Parmi les figures familières et populaires qui peuplent les salles du musée du Louvre se trouvent les Saisons de Giuseppe Arcimboldo (1526-1593).
Une restauration fondamentale de huit mois (de mai 2023 à la fin janvier 2024), réalisée par Roberto Merlo de l’atelier Arcanes, au sein de l’atelier du Centre de recherche et de restauration des musées de France (C2RMF), restitue aujourd’hui aux figures leur composition originelle, monumentale et sculpturale. Les "têtes composées" respirent et s'expriment davantage sur un fond noir uni et profond. L’intervention a révélé une palette lumineuse et variée, donnant aux visages une expression plus subtile et ambiguë. Le dialogue imaginé par Arcimboldo entre les quatre saisons est désormais bien plus animé et vivant.

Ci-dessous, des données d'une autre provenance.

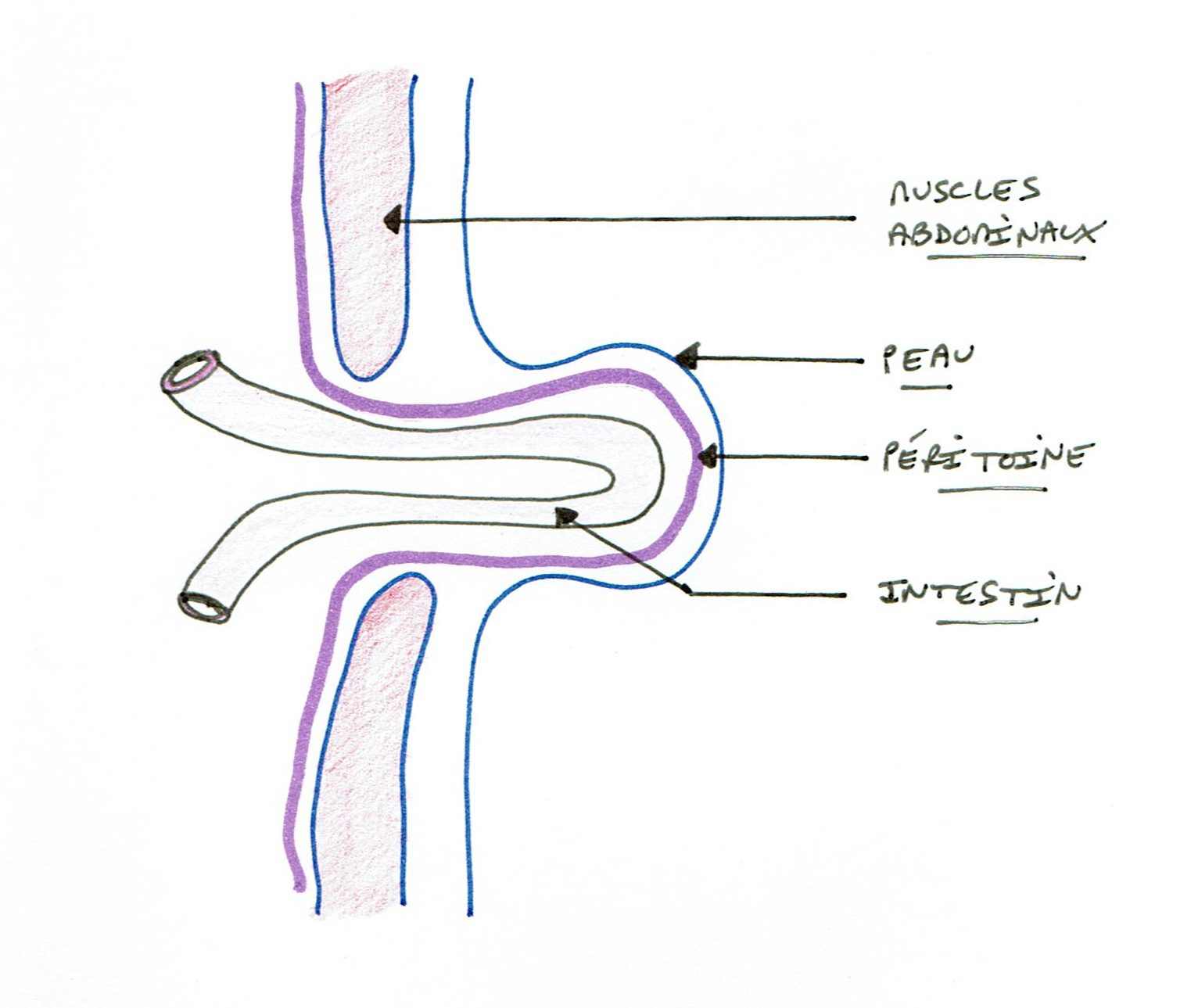 Quelle est la différence entre une hernie ombilicale et un diastasis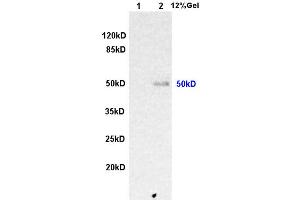 L1 rat kidney lysates L2 human colon carcinoma lysates probed with Anti ILK-1 Polyclonal Antibody, Unconjugated (ABIN727800) at 1:200 overnight at 4 °C. (ILK 抗体  (AA 301-400))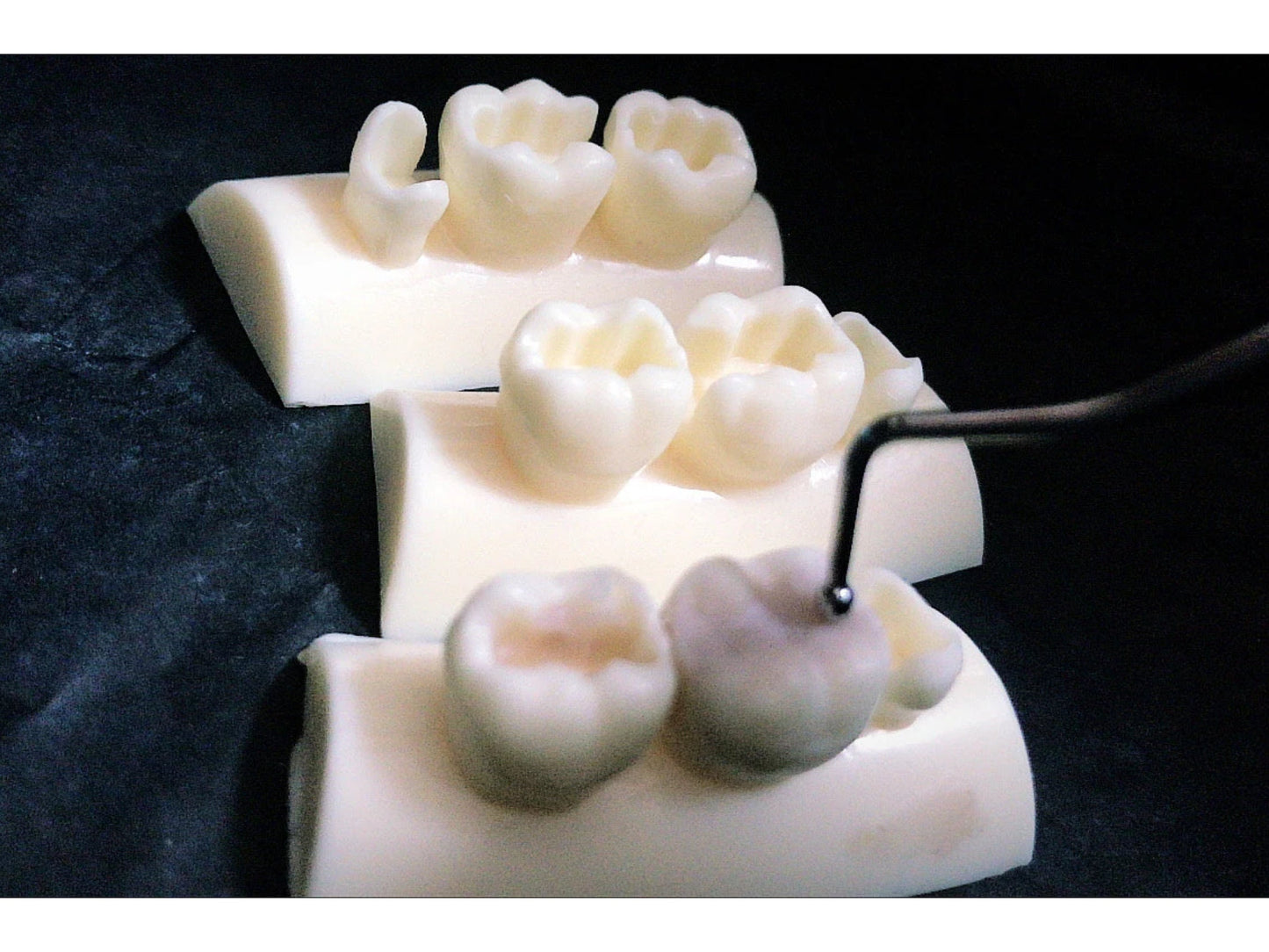 Chipped Tooth Filling Kit DIY Fix, Broken Teeth Emergency Repair Crafting Kit, Composite Filling (not a medical device)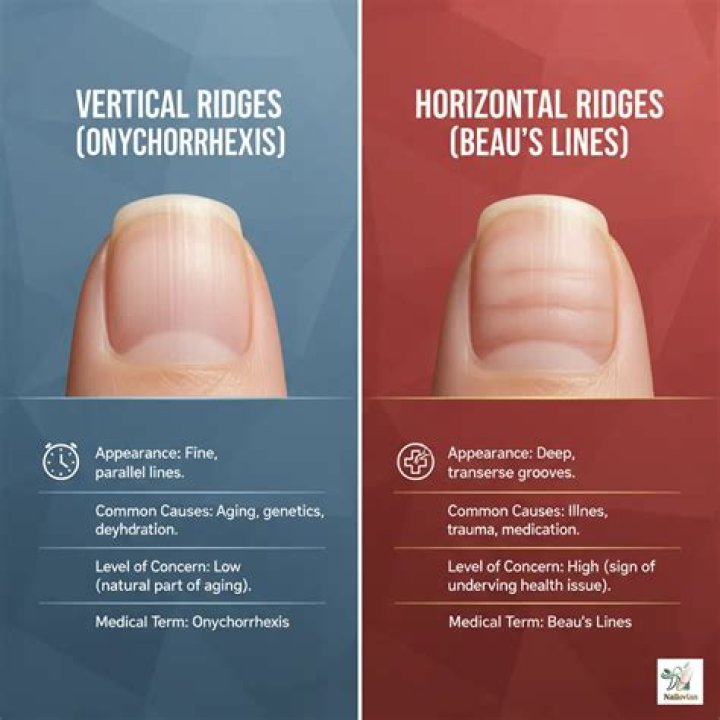 Uncover The Causes Behind Horizontal Nail Ridges: A Comprehensive Guide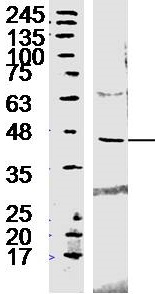 Western blot - Anti-Beclin 1 antibody (AB217179), expandable thumbnail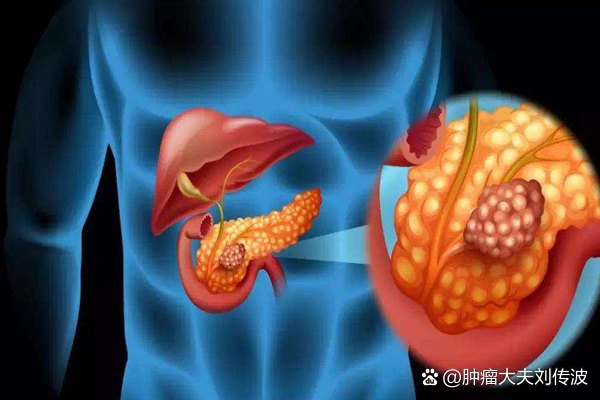 預(yù)防與應(yīng)對策略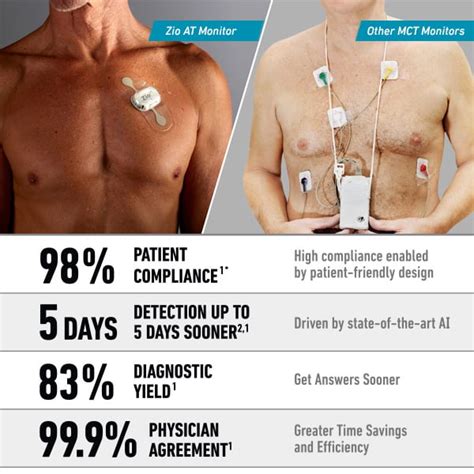 Uninterrupted Mobile Cardiac Telemetry - Zio AT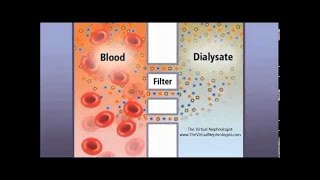 Hemodialysis Hemofilter and countercurrent animation [upl. by Anyel]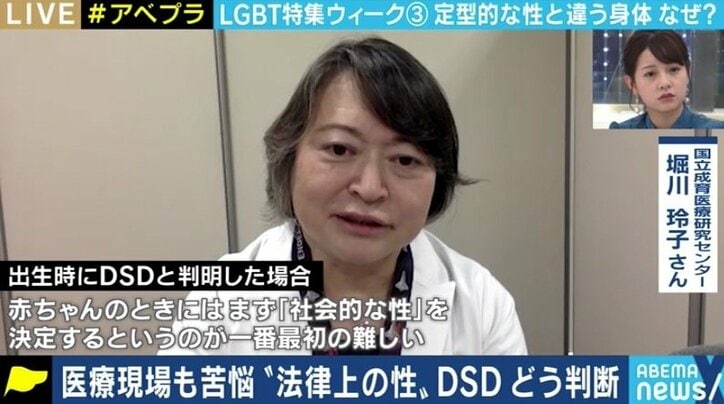 身体の性に関わる部分が多くの人と異なる「性分化疾患(DSD)」 サポート不足に悩む当事者たち
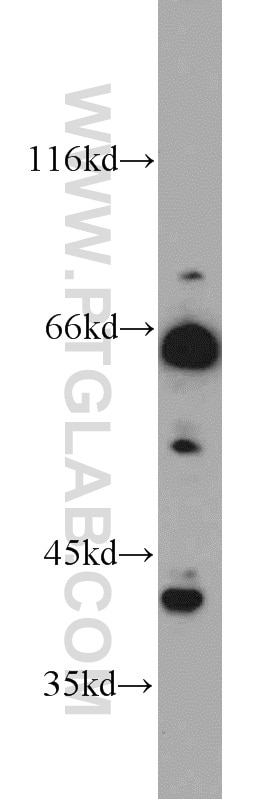 Western Blot (WB) analysis of K-562 cells using TERF2 Polyclonal antibody (22020-1-AP)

Une fois la restauration terminée, les cadres ont été adaptés par l’atelier encadrement-dorure du musée, en coordination avec le département des Peintures, afin d’améliorer la présentation des œuvres restaurées.
Le public retrouvera les quatre tableaux dans la Grande Galerie à compter du mercredi 5 juin.
UNE RESTAURATION FONDAMENTALE POUR RETROUVER L’INTÉGRITÉ DES TABLEAUX
Les tableaux présentaient un aspect jauni, dû à l'oxydation des vernis de restauration qui souffraient aussi de blanchiments voilant la peinture. La décision de restaurer ambitionnait de retrouver une meilleur lisibilité des oeuvres et une gamme chromatique plus proche de celle voulue par l’artiste.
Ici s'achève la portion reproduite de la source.